─── Supplied material

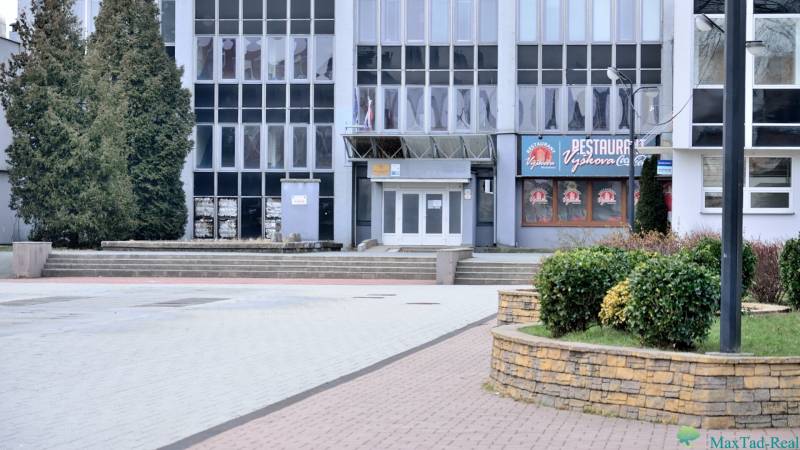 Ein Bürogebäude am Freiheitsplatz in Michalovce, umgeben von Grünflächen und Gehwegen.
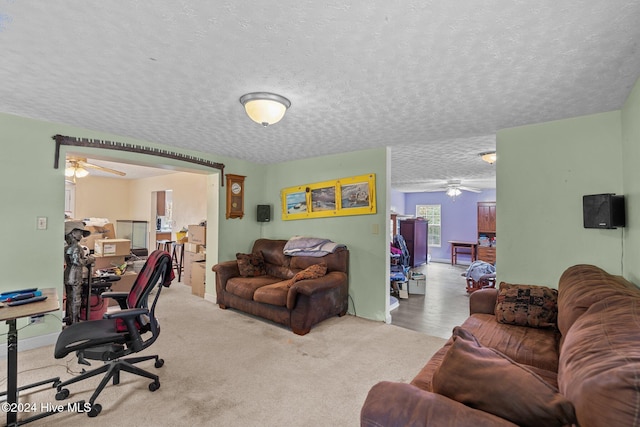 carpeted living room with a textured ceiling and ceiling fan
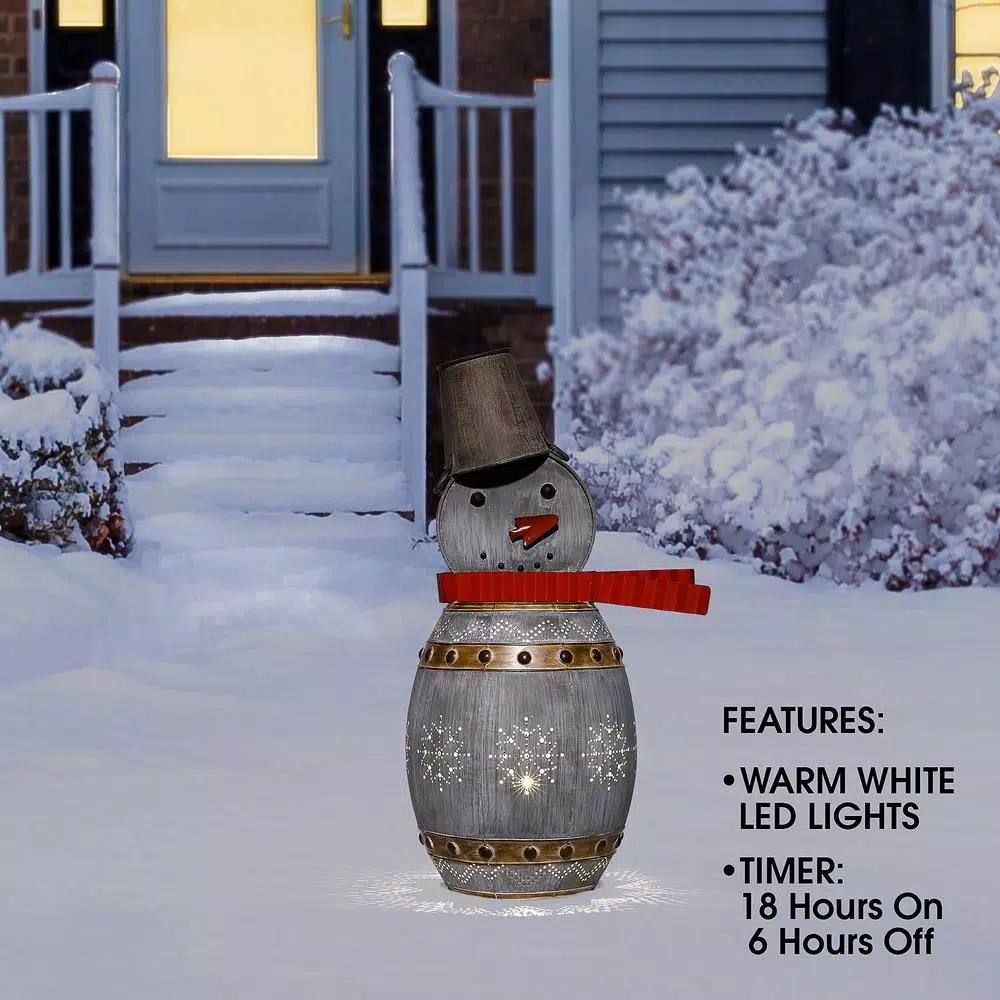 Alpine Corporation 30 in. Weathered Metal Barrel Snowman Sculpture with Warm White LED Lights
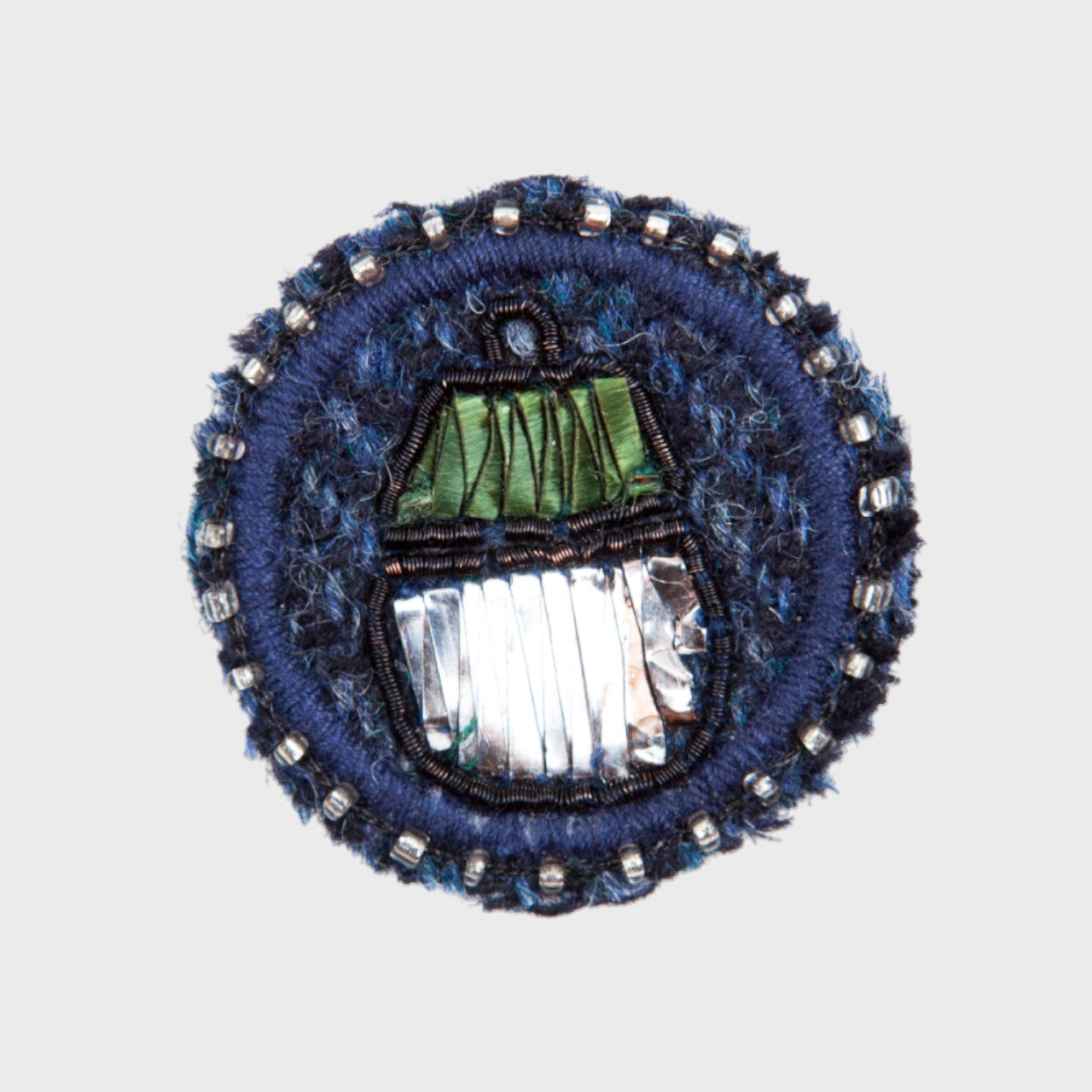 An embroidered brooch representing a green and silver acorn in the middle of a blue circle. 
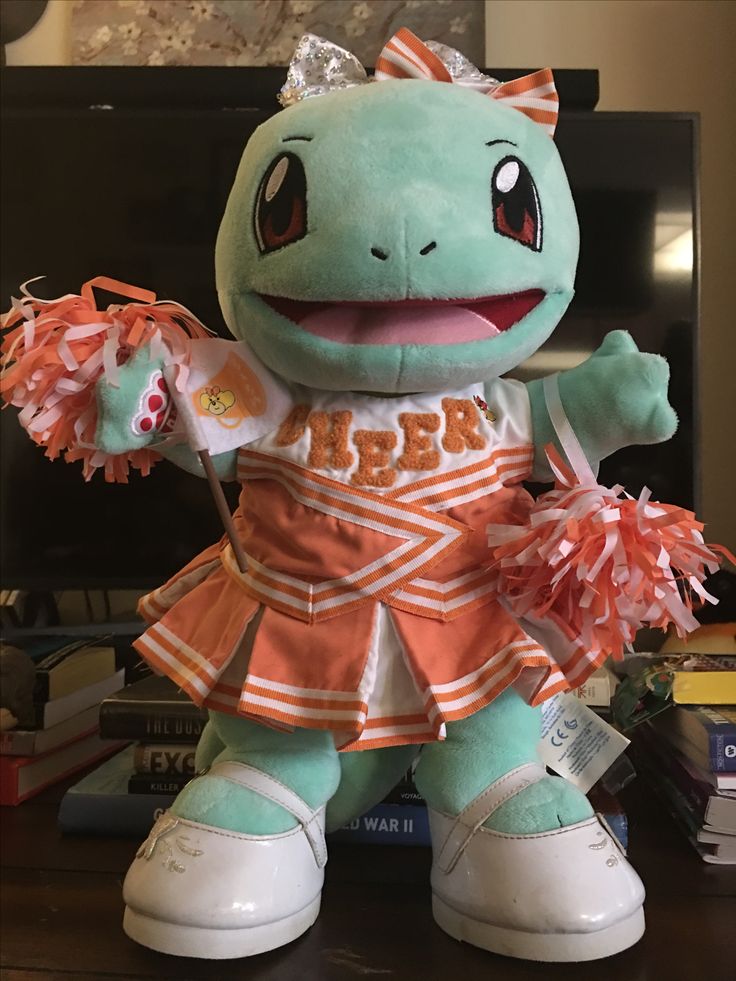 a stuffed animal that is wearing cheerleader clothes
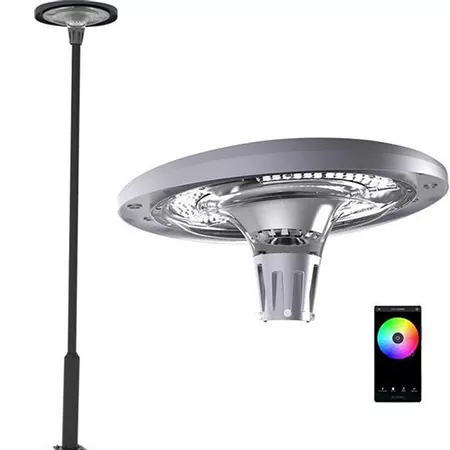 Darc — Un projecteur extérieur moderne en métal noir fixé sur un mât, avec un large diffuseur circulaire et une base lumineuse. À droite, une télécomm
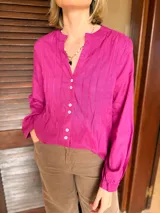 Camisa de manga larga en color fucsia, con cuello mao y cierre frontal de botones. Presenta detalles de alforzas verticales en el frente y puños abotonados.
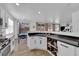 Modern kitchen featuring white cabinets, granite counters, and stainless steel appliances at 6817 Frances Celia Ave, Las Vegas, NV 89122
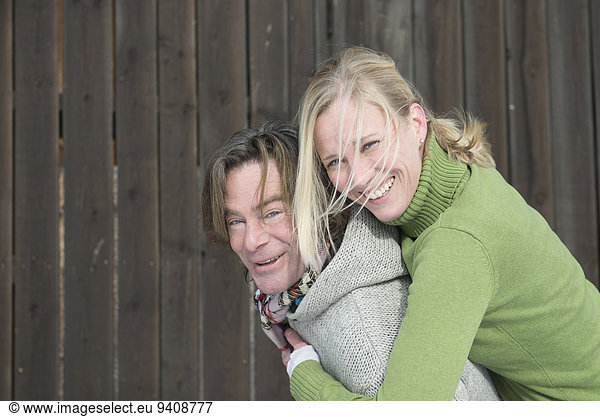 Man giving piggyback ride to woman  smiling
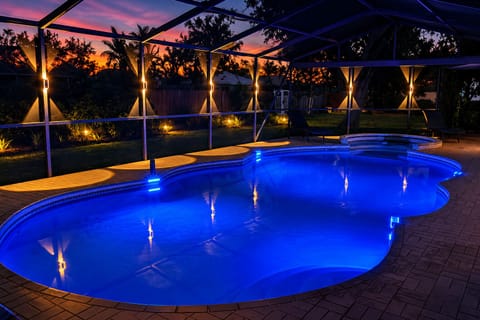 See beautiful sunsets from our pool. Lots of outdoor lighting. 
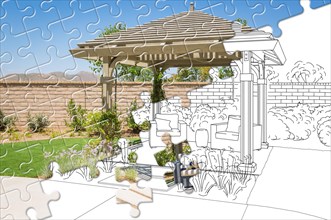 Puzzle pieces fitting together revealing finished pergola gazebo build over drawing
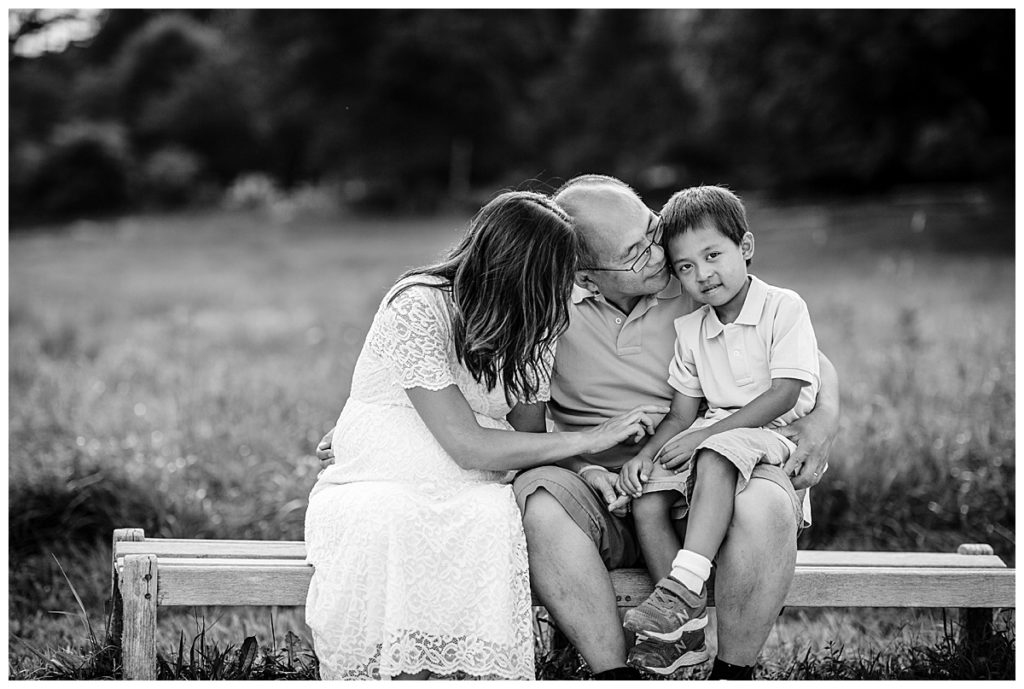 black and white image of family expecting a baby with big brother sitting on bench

──────

Prompt: For the data above, set down exactly the lines from the line with "Modern kitchen featuring" to the line with "Puzzle pieces fitting", both included, leaving pictures out.

Response to the task:
 Modern kitchen featuring white cabinets, granite counters, and stainless steel appliances at 6817 Frances Celia Ave, Las Vegas, NV 89122
 Man giving piggyback ride to woman  smiling
 See beautiful sunsets from our pool. Lots of outdoor lighting. 
 Puzzle pieces fitting together revealing finished pergola gazebo build over drawing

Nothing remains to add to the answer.